## Records to use:
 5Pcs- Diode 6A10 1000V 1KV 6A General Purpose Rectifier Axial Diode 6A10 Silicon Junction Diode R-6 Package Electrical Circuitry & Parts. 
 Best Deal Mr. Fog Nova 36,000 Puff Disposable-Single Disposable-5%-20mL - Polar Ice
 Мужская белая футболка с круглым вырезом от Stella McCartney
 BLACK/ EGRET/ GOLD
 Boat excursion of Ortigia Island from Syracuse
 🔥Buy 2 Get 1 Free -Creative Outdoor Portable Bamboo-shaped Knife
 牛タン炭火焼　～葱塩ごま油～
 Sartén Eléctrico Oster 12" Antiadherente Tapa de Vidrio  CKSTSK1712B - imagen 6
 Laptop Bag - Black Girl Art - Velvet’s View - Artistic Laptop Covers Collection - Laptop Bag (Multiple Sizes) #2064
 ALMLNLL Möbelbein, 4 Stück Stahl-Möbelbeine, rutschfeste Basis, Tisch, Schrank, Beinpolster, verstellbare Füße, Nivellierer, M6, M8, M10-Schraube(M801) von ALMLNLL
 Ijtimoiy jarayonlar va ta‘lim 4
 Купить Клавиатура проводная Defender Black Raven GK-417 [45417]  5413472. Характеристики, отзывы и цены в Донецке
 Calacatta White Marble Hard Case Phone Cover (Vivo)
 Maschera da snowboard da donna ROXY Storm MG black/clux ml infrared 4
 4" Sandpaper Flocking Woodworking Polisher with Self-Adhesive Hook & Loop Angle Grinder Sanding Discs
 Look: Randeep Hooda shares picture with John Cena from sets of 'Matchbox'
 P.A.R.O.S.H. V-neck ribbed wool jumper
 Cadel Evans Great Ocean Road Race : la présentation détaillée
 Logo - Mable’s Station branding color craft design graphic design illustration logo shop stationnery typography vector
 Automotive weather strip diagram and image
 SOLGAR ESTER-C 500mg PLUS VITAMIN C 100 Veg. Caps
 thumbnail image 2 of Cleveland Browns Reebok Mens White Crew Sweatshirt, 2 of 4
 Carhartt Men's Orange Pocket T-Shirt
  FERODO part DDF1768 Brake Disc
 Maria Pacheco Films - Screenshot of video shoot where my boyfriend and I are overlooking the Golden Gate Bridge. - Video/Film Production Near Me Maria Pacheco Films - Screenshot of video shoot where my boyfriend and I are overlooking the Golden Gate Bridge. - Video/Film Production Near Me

## What to produce:
All the entries are to be reproduced verbatim.

## Answer:
 5Pcs- Diode 6A10 1000V 1KV 6A General Purpose Rectifier Axial Diode 6A10 Silicon Junction Diode R-6 Package Electrical Circuitry & Parts. 
 Best Deal Mr. Fog Nova 36,000 Puff Disposable-Single Disposable-5%-20mL - Polar Ice
 Мужская белая футболка с круглым вырезом от Stella McCartney
 BLACK/ EGRET/ GOLD
 Boat excursion of Ortigia Island from Syracuse
 🔥Buy 2 Get 1 Free -Creative Outdoor Portable Bamboo-shaped Knife
 牛タン炭火焼　～葱塩ごま油～
 Sartén Eléctrico Oster 12" Antiadherente Tapa de Vidrio  CKSTSK1712B - imagen 6
 Laptop Bag - Black Girl Art - Velvet’s View - Artistic Laptop Covers Collection - Laptop Bag (Multiple Sizes) #2064
 ALMLNLL Möbelbein, 4 Stück Stahl-Möbelbeine, rutschfeste Basis, Tisch, Schrank, Beinpolster, verstellbare Füße, Nivellierer, M6, M8, M10-Schraube(M801) von ALMLNLL
 Ijtimoiy jarayonlar va ta‘lim 4
 Купить Клавиатура проводная Defender Black Raven GK-417 [45417]  5413472. Характеристики, отзывы и цены в Донецке
 Calacatta White Marble Hard Case Phone Cover (Vivo)
 Maschera da snowboard da donna ROXY Storm MG black/clux ml infrared 4
 4" Sandpaper Flocking Woodworking Polisher with Self-Adhesive Hook & Loop Angle Grinder Sanding Discs
 Look: Randeep Hooda shares picture with John Cena from sets of 'Matchbox'
 P.A.R.O.S.H. V-neck ribbed wool jumper
 Cadel Evans Great Ocean Road Race : la présentation détaillée
 Logo - Mable’s Station branding color craft design graphic design illustration logo shop stationnery typography vector
 Automotive weather strip diagram and image
 SOLGAR ESTER-C 500mg PLUS VITAMIN C 100 Veg. Caps
 thumbnail image 2 of Cleveland Browns Reebok Mens White Crew Sweatshirt, 2 of 4
 Carhartt Men's Orange Pocket T-Shirt
  FERODO part DDF1768 Brake Disc
 Maria Pacheco Films - Screenshot of video shoot where my boyfriend and I are overlooking the Golden Gate Bridge. - Video/Film Production Near Me Maria Pacheco Films - Screenshot of video shoot where my boyfriend and I are overlooking the Golden Gate Bridge. - Video/Film Production Near Me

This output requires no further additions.